Update as of Sept. 3rd. from Adam Savage, via CNET:

“There’s been a lot of talk about this RFID thing, and I have to admit that I got some of my facts wrong, as I wasn’t on that story, and as I said on the video, I wasn’t actually in on the call,” Savage said in the statement.

http://news.cnet.com/8301-13772_3-10031601-52.html

However, someone DID look into them here:
Vulnerabilities in First-Generation RFID-enabled
Credit Cards
http://prisms.cs.umass.edu/~kevinfu/papers/RFID-CC-manuscript.pdf

From the abstract:
“Using samples from a variety of RFID-enabled credit cards, our study observes that (1) the cardholder’s name and often credit card number and expiration are leaked in plaintext to unauthenticated readers, (2) our homemade device costing around $150 effectively clones one type of skimmed cards — providing a proof-of-concept of the RF replay attack for cards, (3) information revealed by the RFID transmission cross contaminates the security of non-RFID payment media, and (4) RFID-enabled credit cards are susceptible in various degrees to a range of other traditional RFID attacks such as skimming and relaying.”

heh
http://www.guardian.co.uk/business/feedarticle/7769091

@34 The nice thing about debit cards in the US (at least the ones from regional banks I’ve used) is that you can use them inside the credit card system, so the payment is immediate and you don’t rack up a debt, but it’s still accepted anywhere and you’re protected through the CC company’s anti-fraud programs.

Also, off topic, but Teresa, if you happen to read this: Have you guys ever considered the possibility of implementing a threaded comment system? More and more I see really interesting discussions like this pop up at BB that diverge a bit from the original post but can get mixed up a bit with a number of discussions taking place all in a linear space.

huh, how about that. I wondered why the TV listing mentioned RFID the other day, but the episode was actually something different. Now I know!

This is not a free speech issue. The Mythbusters are free to make the episode if they wish. However, they are not guaranteed access to a nationwide, for-profit video distribution network.

Yeah, but I assume Discovery would have run the episode if they hadn’t been heavied, so it might be an issue for them. It’s not a state restriction on free speech (except in that the law allows unjustified legal threats and I don’t see how you’d stop it) but to my mind the cap still fits.

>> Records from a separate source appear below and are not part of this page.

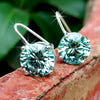GEMHUB 6.20 Ct round blue moissanite dangler earrings in 18K gold vermeil over 925 sterling silver.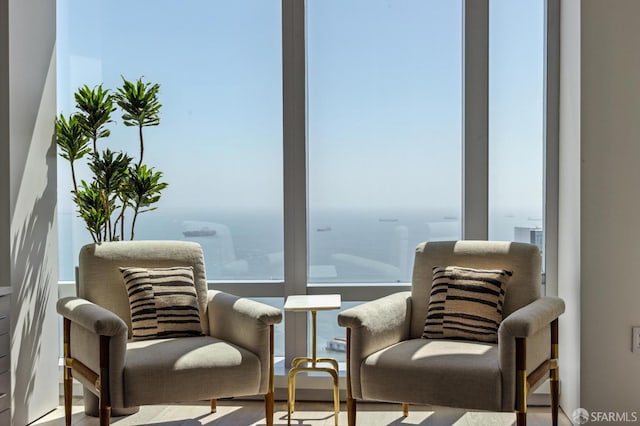 sitting room featuring a water view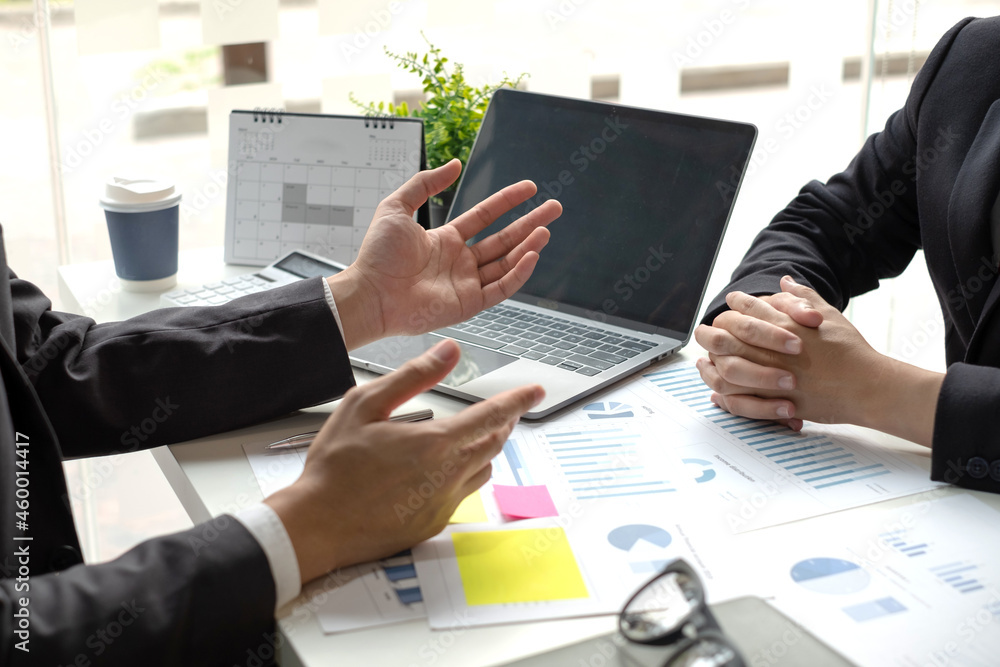 Business leaders talk about charts, financial graphs showing results are analyzing and calculating planning strategies, business success building processes Business leaders talk about charts, financial graphs showing results are analyzing and calculating planning strategies, business success building processes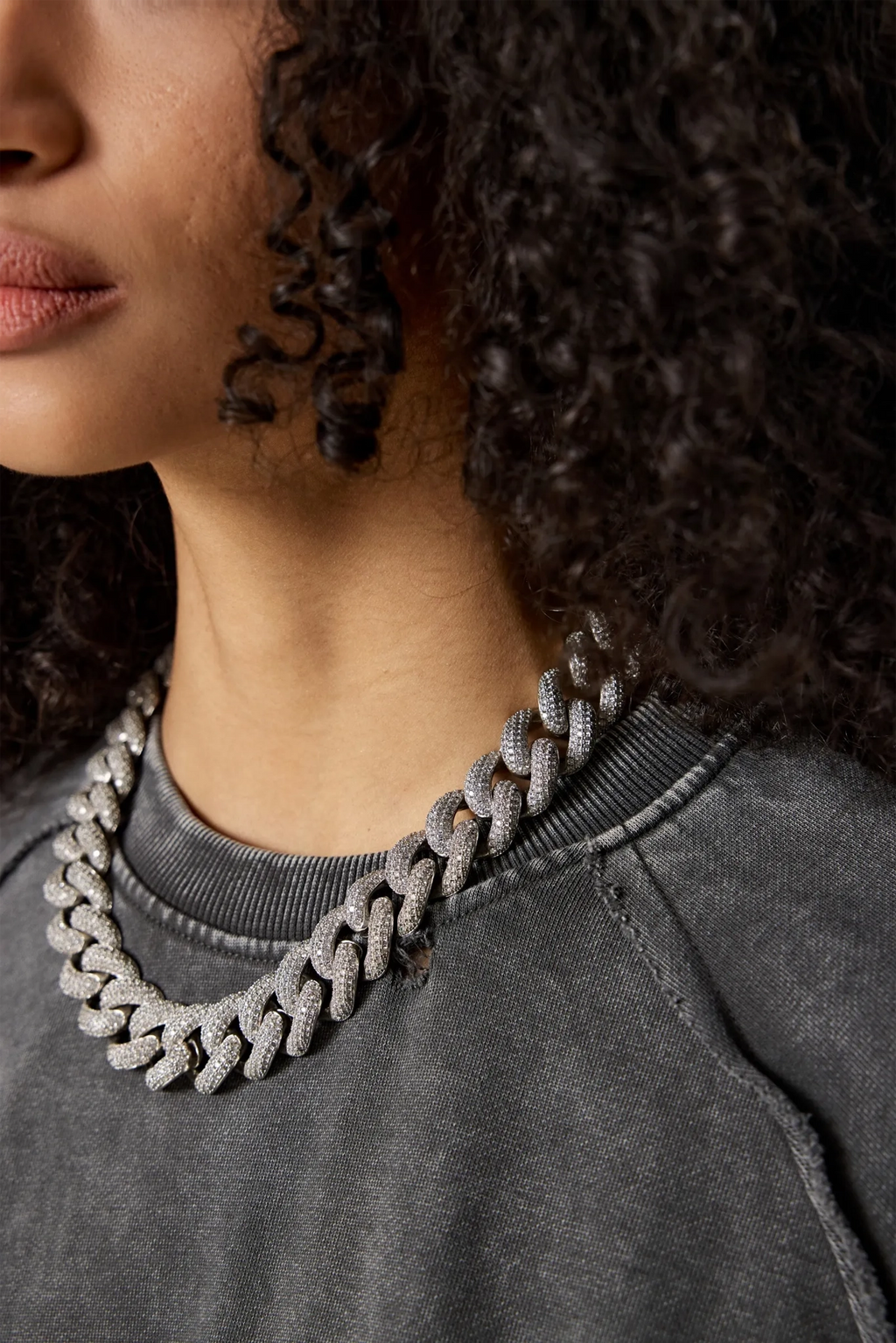 Close-up of a person wearing a silver chain necklace on a gray background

It’s also a media freedom issue. You don’t want to be living in a country where factual media face ruin for trying to tell the truth.

There have been a number of comments here on local ID vs. payment with RFID tags. However, its soon to get even worse.

The TSA is about to require everyone who enters certain secure areas near “ports” (the legal definition of port is much broader than one would think) to carry RFID based ID tags that will contain more than enough personal info to enable ID theft. That one is really scary.